* _EXERCISE AIM_
The whole listing is to be given again without alteration, except that its pictures are dropped.

* _COLLECTED MATERIAL_

━━━━━━━━━━━━━━━━━━━━

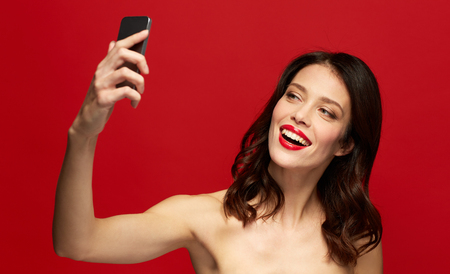 beautiful woman taking selfie with smartphoneの写真素材
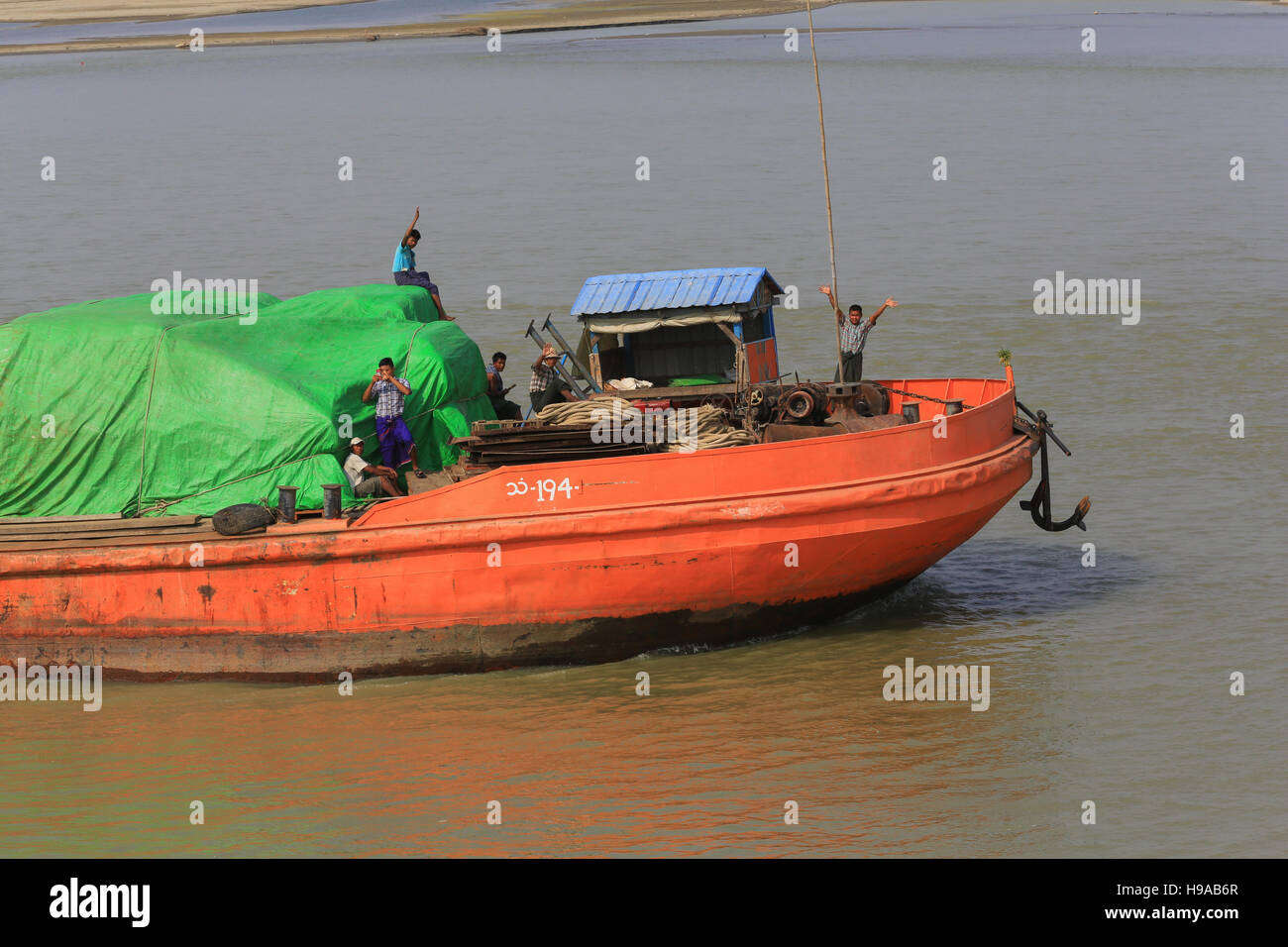 Equipaggio su un fiume bettolina, andando a monte, wave a turisti su una nave da crociera sul fiume Irrawaddy in Myanmar (Birmania). Foto Stock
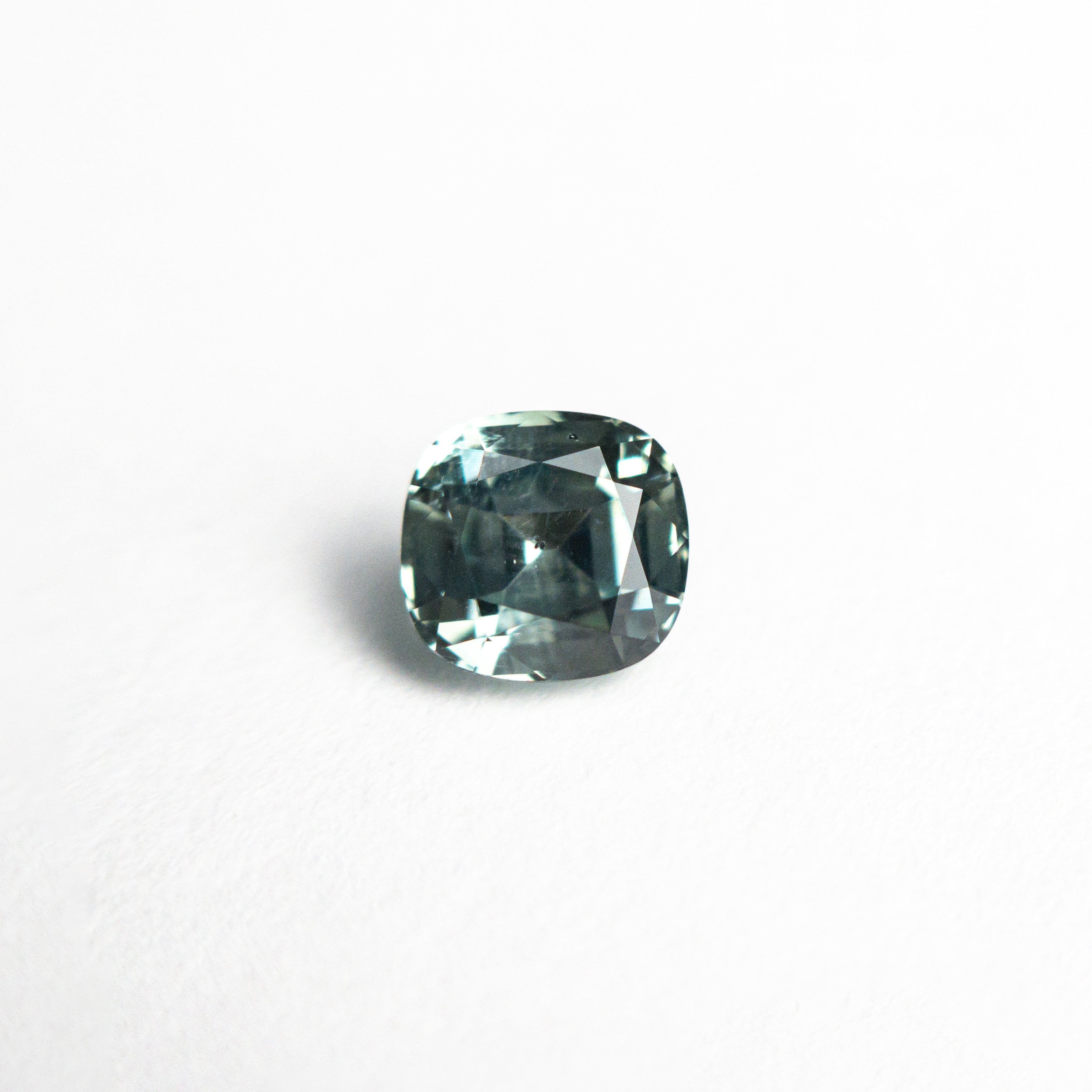 Teal/Green Brilliant Sapphire - 0.84ct Cushion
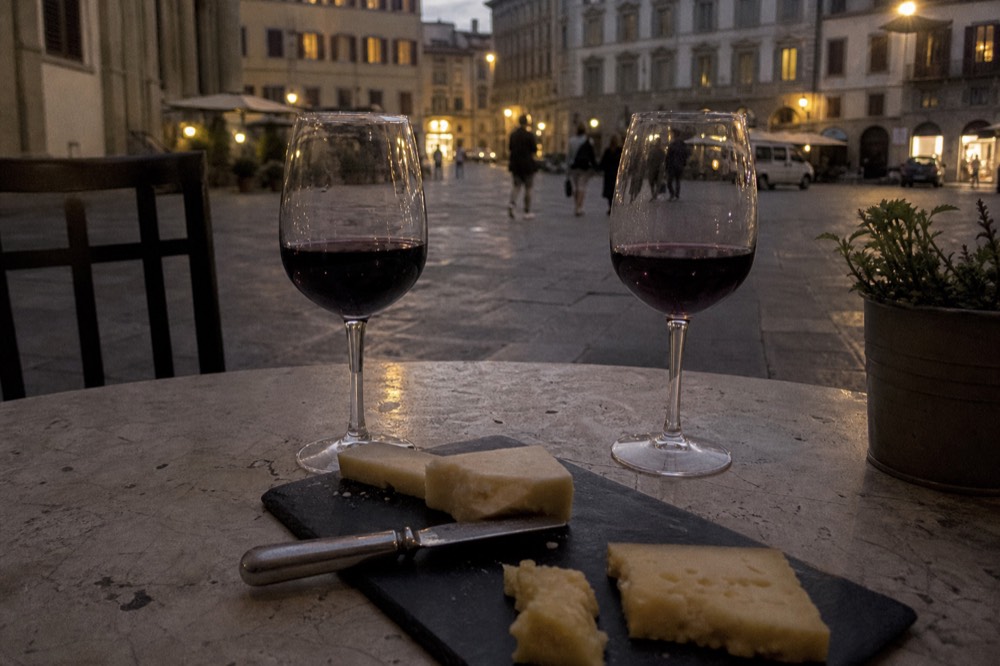 Glasses of red wine and plates of cheese on a Florence tasting counter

━━━━━━━━━━━━━━━━━━━━

* _EXPECTED ANSWER_
 beautiful woman taking selfie with smartphoneの写真素材
 Equipaggio su un fiume bettolina, andando a monte, wave a turisti su una nave da crociera sul fiume Irrawaddy in Myanmar (Birmania). Foto Stock
 Teal/Green Brilliant Sapphire - 0.84ct Cushion
 Glasses of red wine and plates of cheese on a Florence tasting counter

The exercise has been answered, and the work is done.